ASSIGNMENT >> Write out each record below exactly as it appears, with no pictures.

Start of EXTRACTED RECORDS

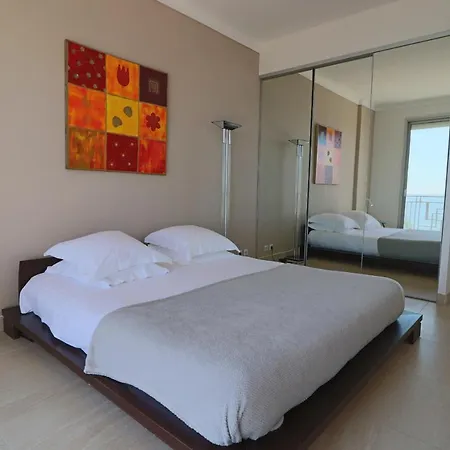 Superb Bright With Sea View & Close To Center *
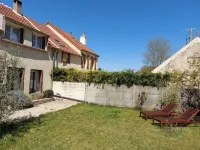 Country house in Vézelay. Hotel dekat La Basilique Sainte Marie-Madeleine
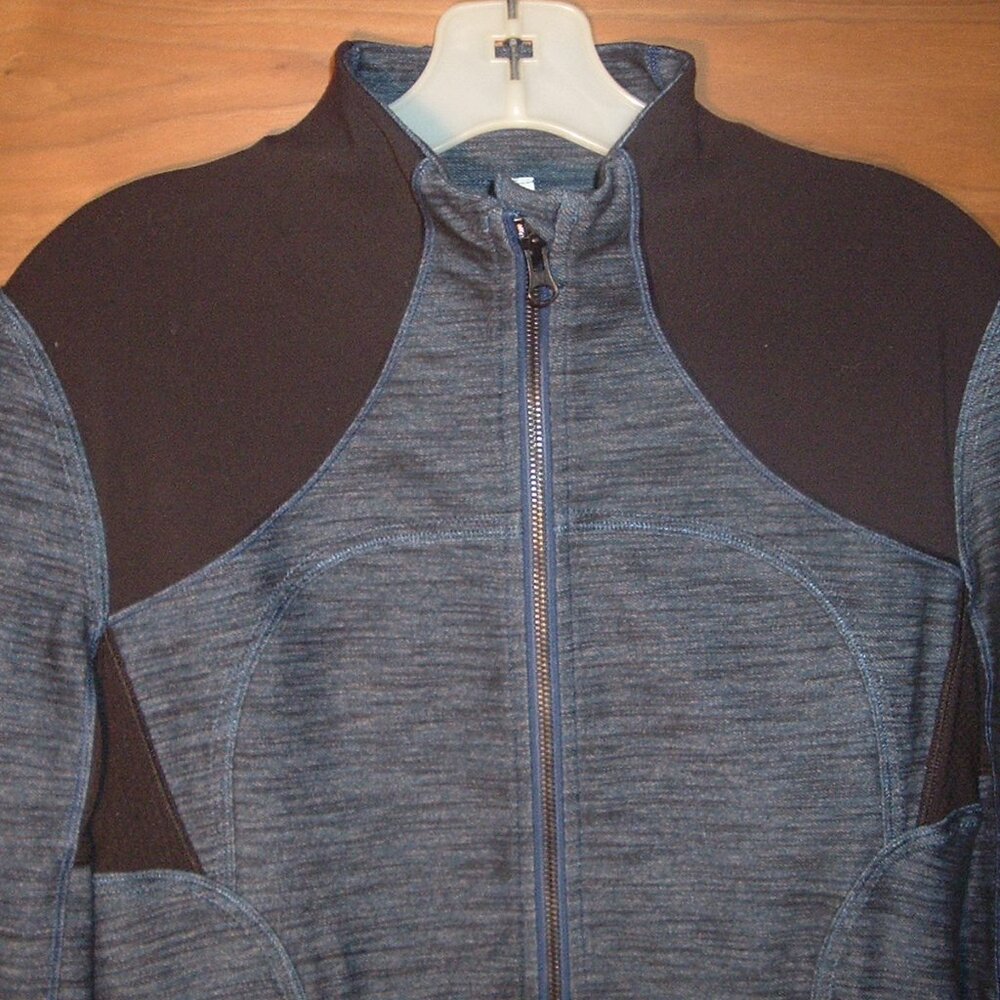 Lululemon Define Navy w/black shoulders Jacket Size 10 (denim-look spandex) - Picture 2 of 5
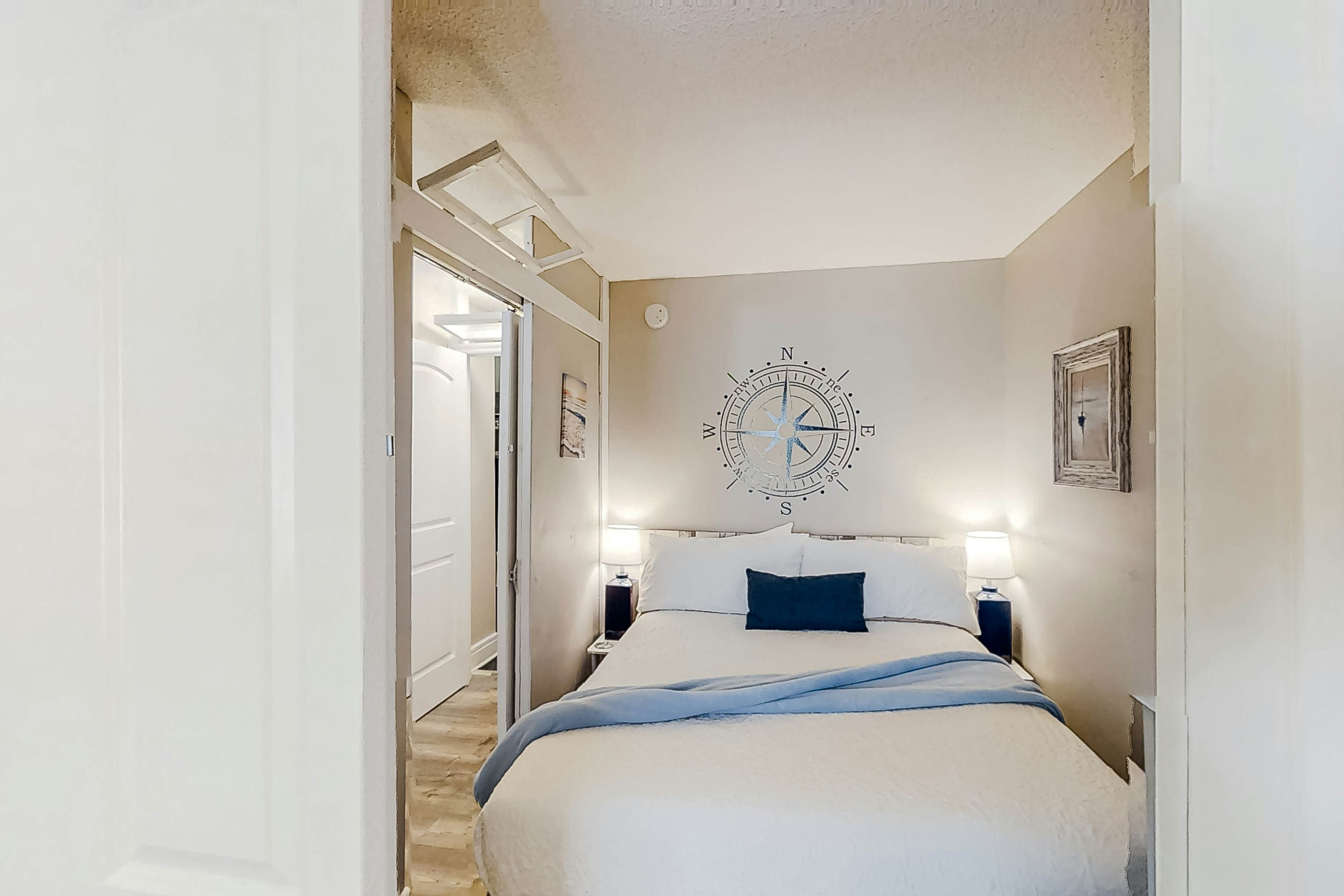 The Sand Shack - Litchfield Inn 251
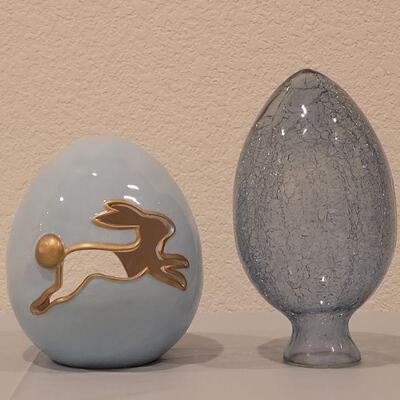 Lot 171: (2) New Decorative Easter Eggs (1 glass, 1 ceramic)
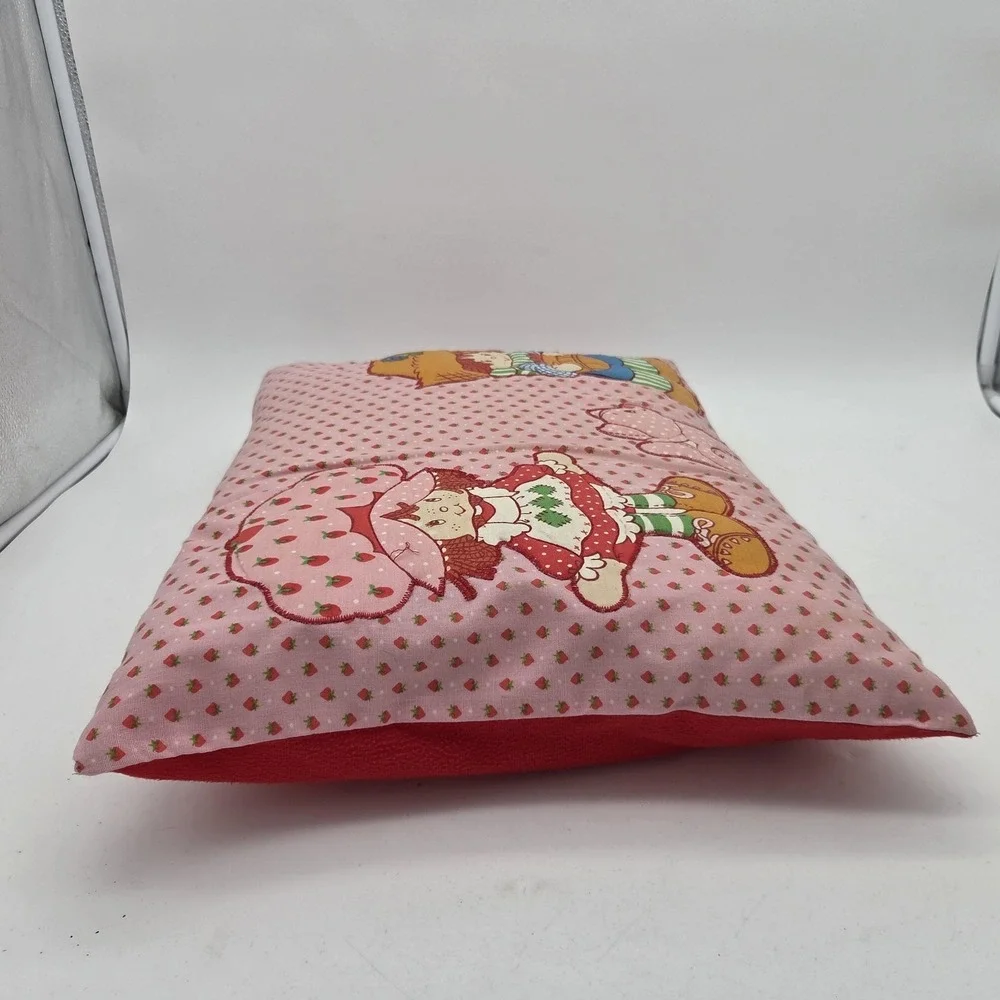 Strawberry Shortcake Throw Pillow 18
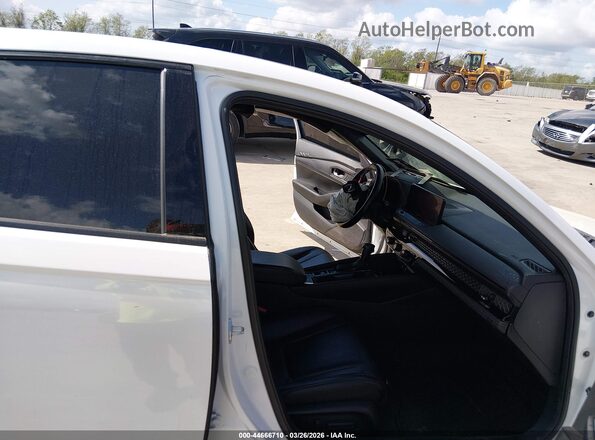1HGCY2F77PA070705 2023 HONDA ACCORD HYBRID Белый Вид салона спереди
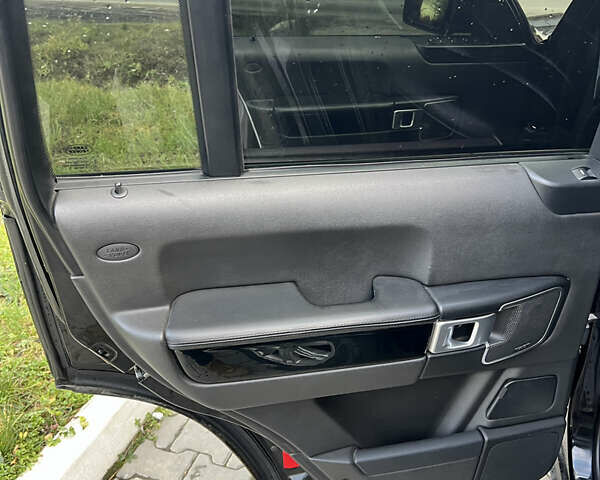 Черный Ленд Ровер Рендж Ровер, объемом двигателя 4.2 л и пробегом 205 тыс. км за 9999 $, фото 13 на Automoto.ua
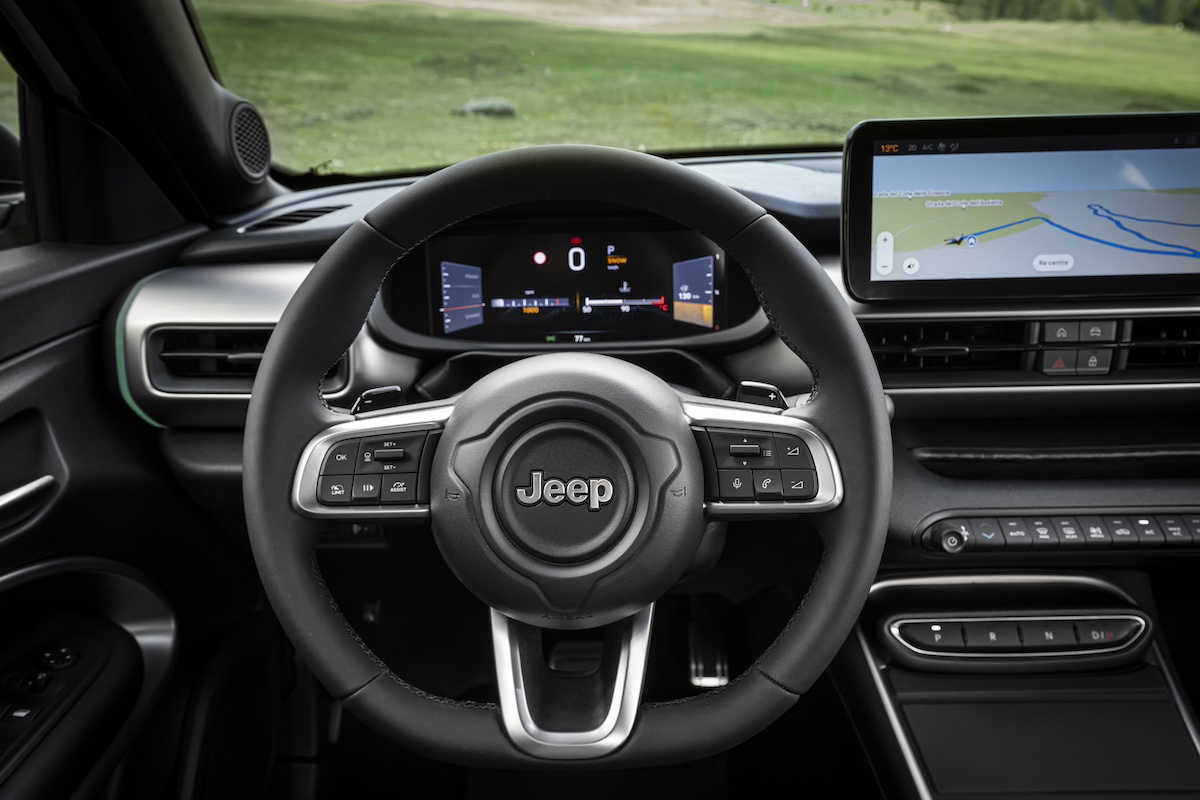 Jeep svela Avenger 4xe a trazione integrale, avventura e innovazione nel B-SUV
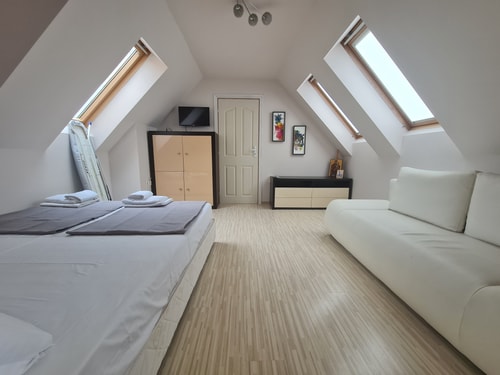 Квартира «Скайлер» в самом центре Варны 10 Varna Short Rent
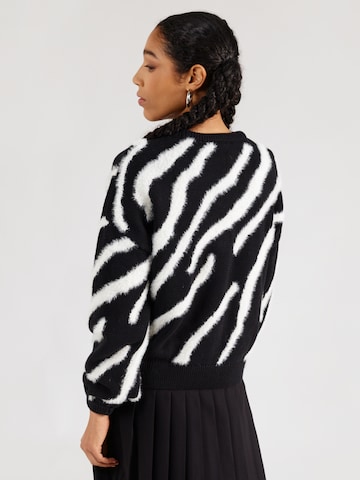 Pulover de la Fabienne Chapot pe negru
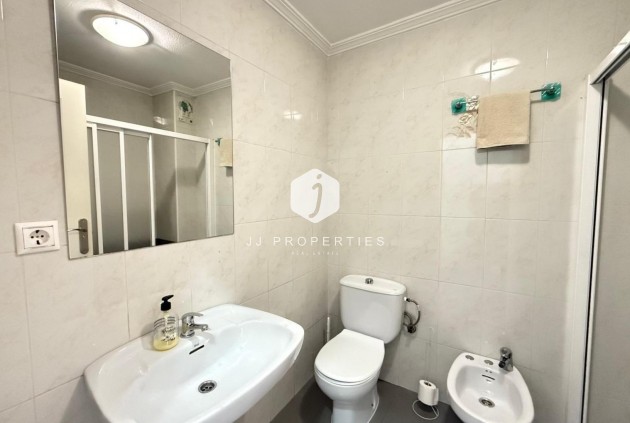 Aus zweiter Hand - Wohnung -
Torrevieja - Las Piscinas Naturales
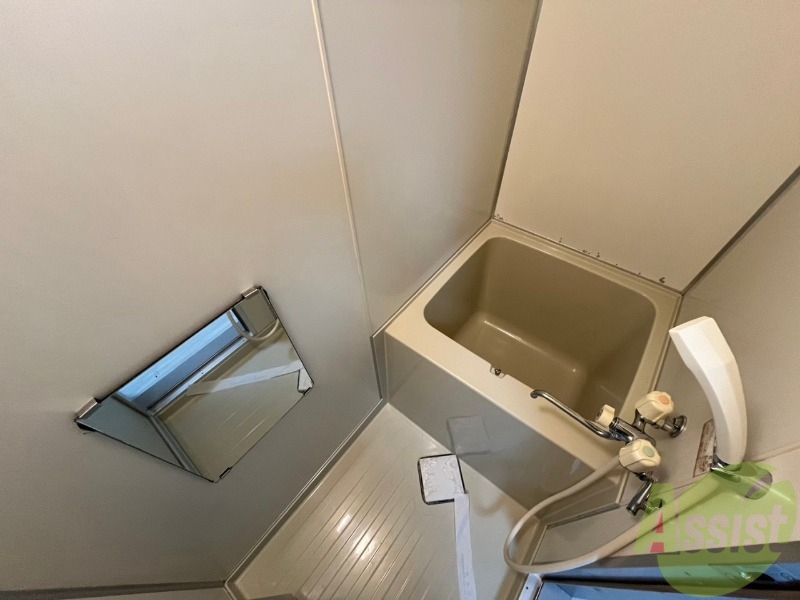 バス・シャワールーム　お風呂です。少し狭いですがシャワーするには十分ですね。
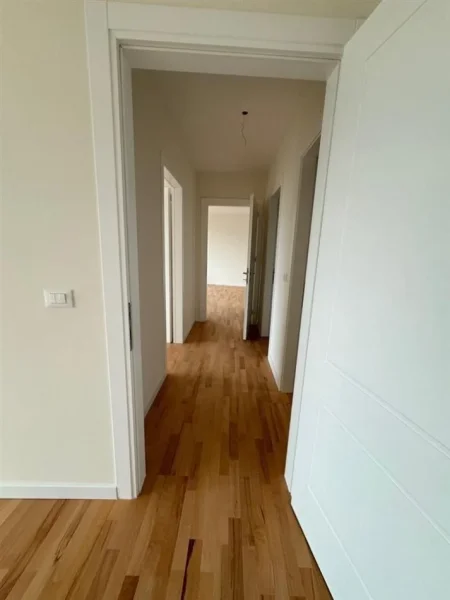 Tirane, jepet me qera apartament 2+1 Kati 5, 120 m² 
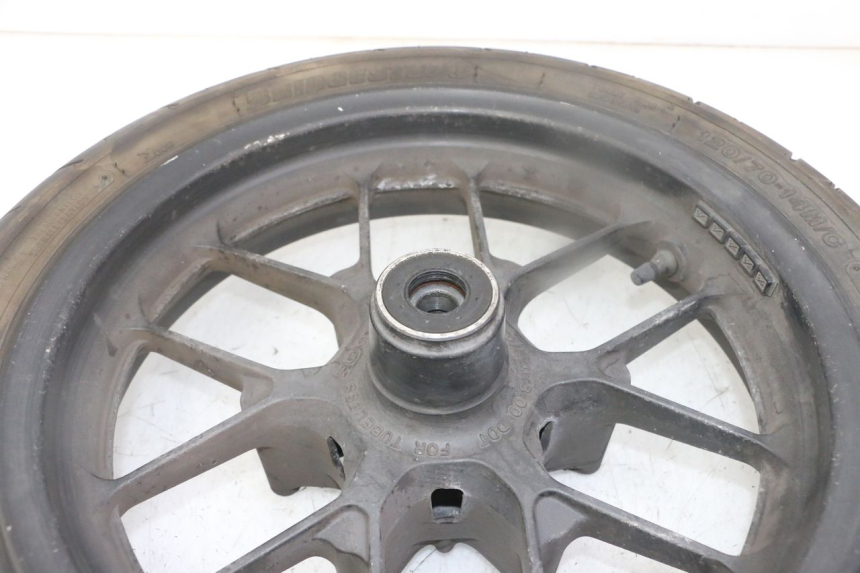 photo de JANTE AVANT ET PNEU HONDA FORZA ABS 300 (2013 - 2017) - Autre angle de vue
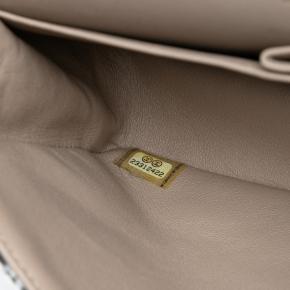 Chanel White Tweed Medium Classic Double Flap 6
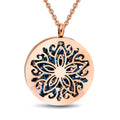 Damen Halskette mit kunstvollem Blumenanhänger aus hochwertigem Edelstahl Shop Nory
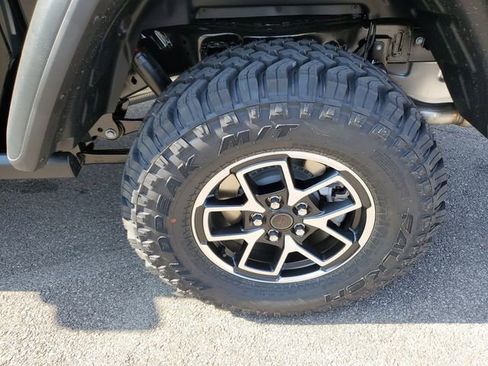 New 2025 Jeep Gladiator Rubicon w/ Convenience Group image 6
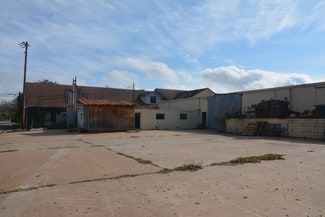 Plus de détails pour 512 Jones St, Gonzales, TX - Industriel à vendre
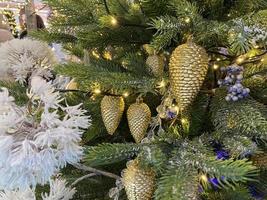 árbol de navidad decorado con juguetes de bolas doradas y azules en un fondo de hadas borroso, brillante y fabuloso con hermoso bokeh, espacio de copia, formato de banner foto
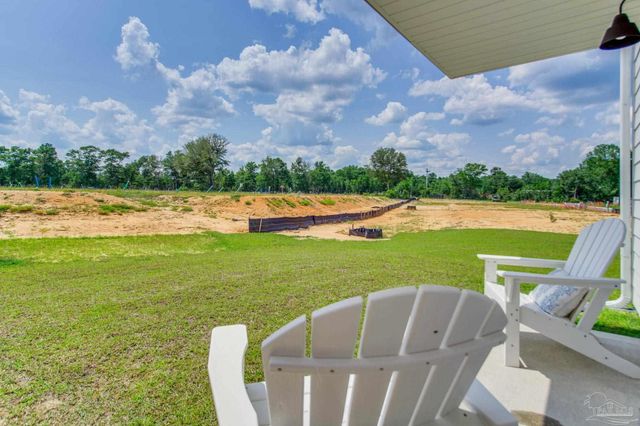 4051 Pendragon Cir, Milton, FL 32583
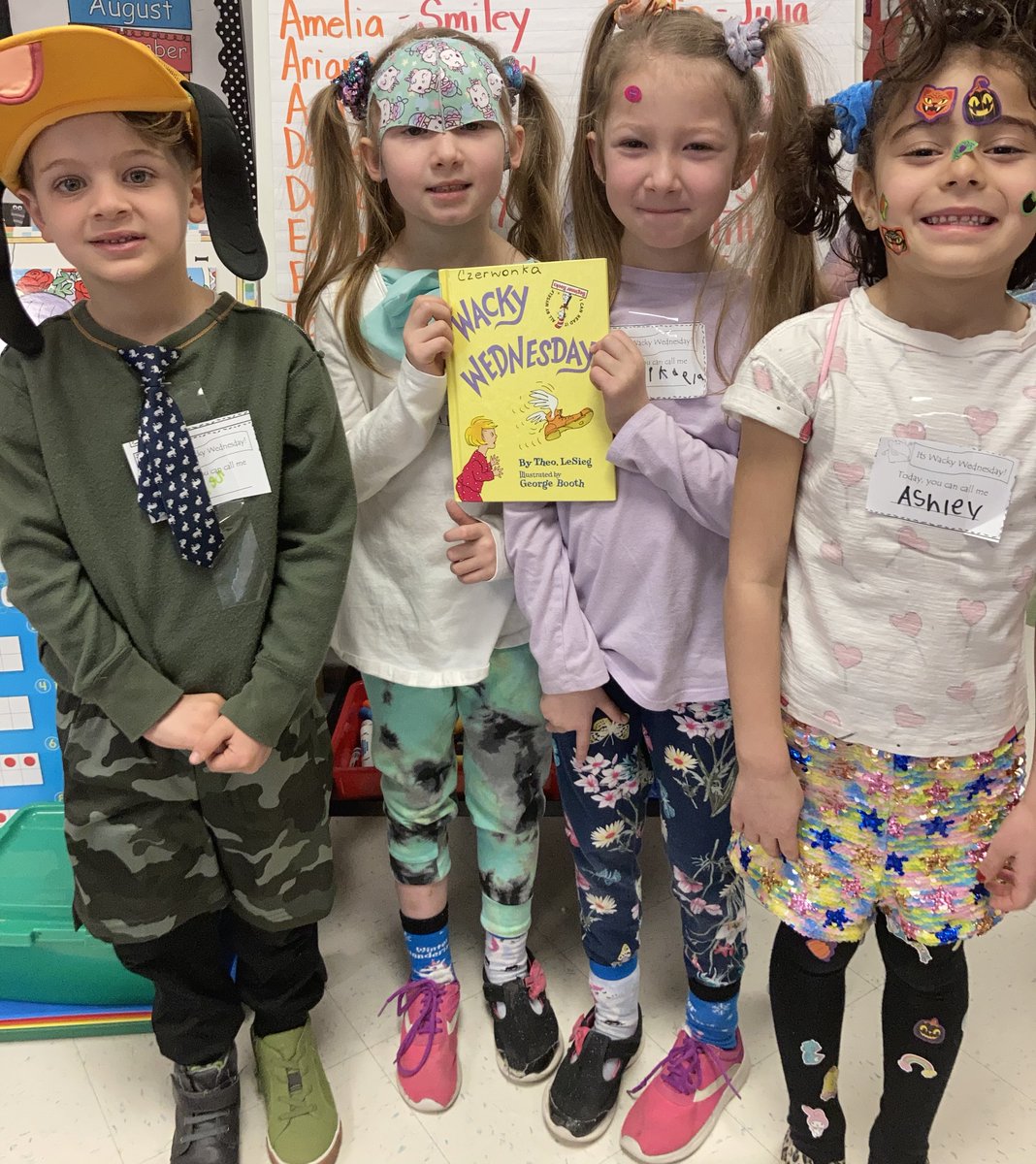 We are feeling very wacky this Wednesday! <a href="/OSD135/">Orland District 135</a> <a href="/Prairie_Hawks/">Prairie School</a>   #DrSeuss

End of EXTRACTED RECORDS

OUTPUT BELOW >>
 Superb Bright With Sea View & Close To Center *
 Country house in Vézelay. Hotel dekat La Basilique Sainte Marie-Madeleine
 Lululemon Define Navy w/black shoulders Jacket Size 10 (denim-look spandex) - Picture 2 of 5
 The Sand Shack - Litchfield Inn 251
 Lot 171: (2) New Decorative Easter Eggs (1 glass, 1 ceramic)
 Strawberry Shortcake Throw Pillow 18
1HGCY2F77PA070705 2023 HONDA ACCORD HYBRID Белый Вид салона спереди
 Черный Ленд Ровер Рендж Ровер, объемом двигателя 4.2 л и пробегом 205 тыс. км за 9999 $, фото 13 на Automoto.ua
 Jeep svela Avenger 4xe a trazione integrale, avventura e innovazione nel B-SUV
 Квартира «Скайлер» в самом центре Варны 10 Varna Short Rent
 Pulover de la Fabienne Chapot pe negru
 Aus zweiter Hand - Wohnung -
Torrevieja - Las Piscinas Naturales
 バス・シャワールーム　お風呂です。少し狭いですがシャワーするには十分ですね。
 Tirane, jepet me qera apartament 2+1 Kati 5, 120 m² 
 photo de JANTE AVANT ET PNEU HONDA FORZA ABS 300 (2013 - 2017) - Autre angle de vue
 Chanel White Tweed Medium Classic Double Flap 6
 Damen Halskette mit kunstvollem Blumenanhänger aus hochwertigem Edelstahl Shop Nory
 New 2025 Jeep Gladiator Rubicon w/ Convenience Group image 6
 Plus de détails pour 512 Jones St, Gonzales, TX - Industriel à vendre
 árbol de navidad decorado con juguetes de bolas doradas y azules en un fondo de hadas borroso, brillante y fabuloso con hermoso bokeh, espacio de copia, formato de banner foto
 4051 Pendragon Cir, Milton, FL 32583
 We are feeling very wacky this Wednesday! <a href="/OSD135/">Orland District 135</a> <a href="/Prairie_Hawks/">Prairie School</a>   #DrSeuss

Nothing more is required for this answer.